IPSE is only expressed by schistosome eggs (Schramm et al.), is secreted into the environment (Mathieson and Wilson and Smith et al.), and has multiple host modulatory properties. First, as its name suggests, IPSE within soluble egg antigen can induce IL-4 release from basophils of schistosomiasis-naïve humans (Falcone et al.) and mice in an IgE-dependent fashion (Schramm et al.). In vitro work indicates IPSE activates NF-AT in IgE-bearing basophils, which is consistent with IPSE’s ability to trigger IL-4 release from these cells:

From Wan et al. Activation of RS-ATL8 reporter system by IgE binding factor IPSE/alpha-1 expressed in wheat germ (white bars) and E. coli (black bars).

All cells (except IgE only) were sensitized for 16 hours with pooled serum from P. Judaica-allergic individuals diluted 1∶50 (v/v). The experiment included positive controls: sensitized with 1 µg/mL IgE and stimulated with the indicated amounts of polyclonal anti-human IgE (hatched bars); stimulated with Par j 2 (100 pg/ml; grey bar), as well as the negative controls (grey bas): serum sensitized/unstimulated cells (serum only). Data are mean ±SD of the readings of three separate wells. Multiplicity adjusted p-values were obtained by ANOVA followed by Dunnett’s test for each condition compared with serum only control ****: p<0.0001; ***: p<0.001; n.s.: not significant.
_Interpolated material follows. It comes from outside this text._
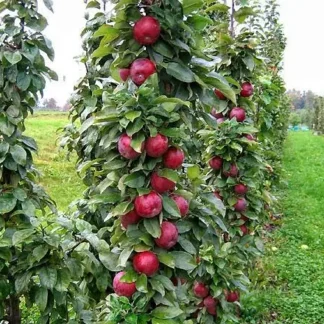 Яблуня колоновидна Титанія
Other work demonstrated that IPSE was a pepsin-sensitive, heat stable, 30-40 kDa glycoprotein (Wuhrer et al., Meevissen et al., and Meevissen et al.) that binds to IgE (Haisch et al. and Xie et al.), possibly through a crystallin fold (Meyer et al. and Meyer et al.). IPSE has also been reported to potentially induce IL-10 secretion by Bregs (B regulatory cells) by binding antibodies on the surface of these cells (Haeberlein et al.).

Another host modulatory property of IPSE is its capacity to bind to and neutralize the activity of multiple chemokines (Smith et al.). It is possible that this activity of IPSE allows it to “mold” schistosome egg granuloma progression, since induction or administration of anti-IPSE antibodies leads to increased granuloma size in the mouse liver (Fahel et al.) and lung (Smith et al.).

Perhaps the most astonishing ability of IPSE is its ability to enter host cell nuclei through the action of a nuclear localization sequence (Kaur et al.). It is possible that once in host cell nuclei, IPSE induces changes in gene transcription.

The importance of IPSE in schistosomiasis-associated immune responses was underscored by Oliveira et al., who reported that individuals living in schistosomiasis-endemic areas and yet resistant to infection had higher titers of anti-IPSE IgE antibodies.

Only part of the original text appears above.